Confermati gli sgravi fiscali Evitato il salasso ai pescatori

PESCARA . Una boccata di ossigeno per il mondo della pesca. In vista della prima scadenza per il pagamento dei contributi Inail, fissata per oggi, è arrivata la circolare dei ministeri dell’Agricoltur...

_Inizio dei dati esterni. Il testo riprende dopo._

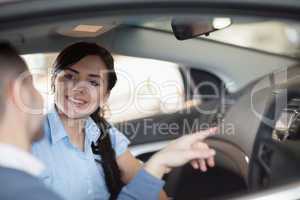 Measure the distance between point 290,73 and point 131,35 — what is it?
538mm

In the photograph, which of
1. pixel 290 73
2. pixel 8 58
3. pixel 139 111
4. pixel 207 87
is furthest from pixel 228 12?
Result: pixel 207 87

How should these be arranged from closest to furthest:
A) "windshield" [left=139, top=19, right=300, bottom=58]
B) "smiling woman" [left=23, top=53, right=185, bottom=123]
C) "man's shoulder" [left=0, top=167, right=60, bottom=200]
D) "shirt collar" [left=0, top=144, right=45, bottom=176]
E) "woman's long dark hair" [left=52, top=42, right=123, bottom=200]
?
1. "man's shoulder" [left=0, top=167, right=60, bottom=200]
2. "shirt collar" [left=0, top=144, right=45, bottom=176]
3. "windshield" [left=139, top=19, right=300, bottom=58]
4. "woman's long dark hair" [left=52, top=42, right=123, bottom=200]
5. "smiling woman" [left=23, top=53, right=185, bottom=123]

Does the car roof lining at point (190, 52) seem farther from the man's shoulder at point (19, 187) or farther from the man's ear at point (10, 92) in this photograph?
the man's shoulder at point (19, 187)

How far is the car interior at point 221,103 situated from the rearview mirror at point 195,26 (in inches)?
1.5

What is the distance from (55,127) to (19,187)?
578 mm

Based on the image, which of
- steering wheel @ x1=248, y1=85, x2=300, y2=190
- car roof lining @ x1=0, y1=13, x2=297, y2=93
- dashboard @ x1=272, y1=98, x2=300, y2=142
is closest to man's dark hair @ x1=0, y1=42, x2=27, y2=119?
car roof lining @ x1=0, y1=13, x2=297, y2=93

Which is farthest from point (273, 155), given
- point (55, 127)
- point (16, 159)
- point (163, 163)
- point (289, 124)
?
point (16, 159)

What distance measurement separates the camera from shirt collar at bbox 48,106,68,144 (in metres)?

PESCARA . Una boccata di ossigeno per il mondo della pesca. In vista della prima scadenza per il pagamento dei contributi Inail, fissata per oggi, è arrivata la circolare dei ministeri dell’Agricoltura e del Lavoro, che riconfermano gli sgravi contributivi e fiscali per il settore della pesca, fissati al 45,07% dalla legge di Bilancio. Un atto che arriva dopo la sospensione degli sgravi, da parte dell’Inail, che si rivolge alle imprese che esercitano la pesca costiera e alle imprese che esercitano la pesca nelle acque interne e lagunari tenute all’autoliquidazione annuale dei premi assicurativi. Della disposizione, tuttavia, potranno usufruire anche i pescatori autonomi e i pescatori associati in cooperative o compagnie della piccola pesca marittima e nelle acque interne e lagunari. Una notizia ben accolta dagli operatori marittimi. Per Coldiretti Impresapesca, «l’eliminazione degli sgravi fiscali sarebbe stata devastante per il settore, con le imprese costrette a pagare contributi Inps e Inail maggiorati anche del 50%. Un peso insostenibile», continua Coldiretti, «per le aziende ittiche nazionali, che sono per lo più realtà medio piccole, già alle prese con gravi difficoltà ad imporsi sul mercato. Nei mari italiani si pescano all’anno circa 180mila tonnellate di pesce», precisa l’associazione, «con la flotta peschereccia italiana che conta oltre 12 mila imbarcazioni, una cifra pari al 35 per cento in meno rispetto agli anni ‘80, a causa della concorrenza sleale del prodotto proveniente dall’estero e spacciato per italiano soprattutto nella ristorazione». Un’accoglienza favorevole anche da parte di Federcopesca. «Siamo molto soddisfatti del risultato», sottolinea Paola D’Angelo, consigliera di Federcopesca Abruzzo. «Se fosse andata diversamente, invece, sarebbe stato deleterio per le imprese», fa notare D’Angelo. Due, in particolare, sono le criticità. «La prima riguarda la commercializzazione del pesce», osserva D’Angelo, «mentre invece andrebbe incentivata la vendita diretta, valorizzando la produzione locale». La seconda riguarda poi l’ecologia. Per D’Angelo, vanno salvaguardate «l’ambiente e la salubrità delle acque».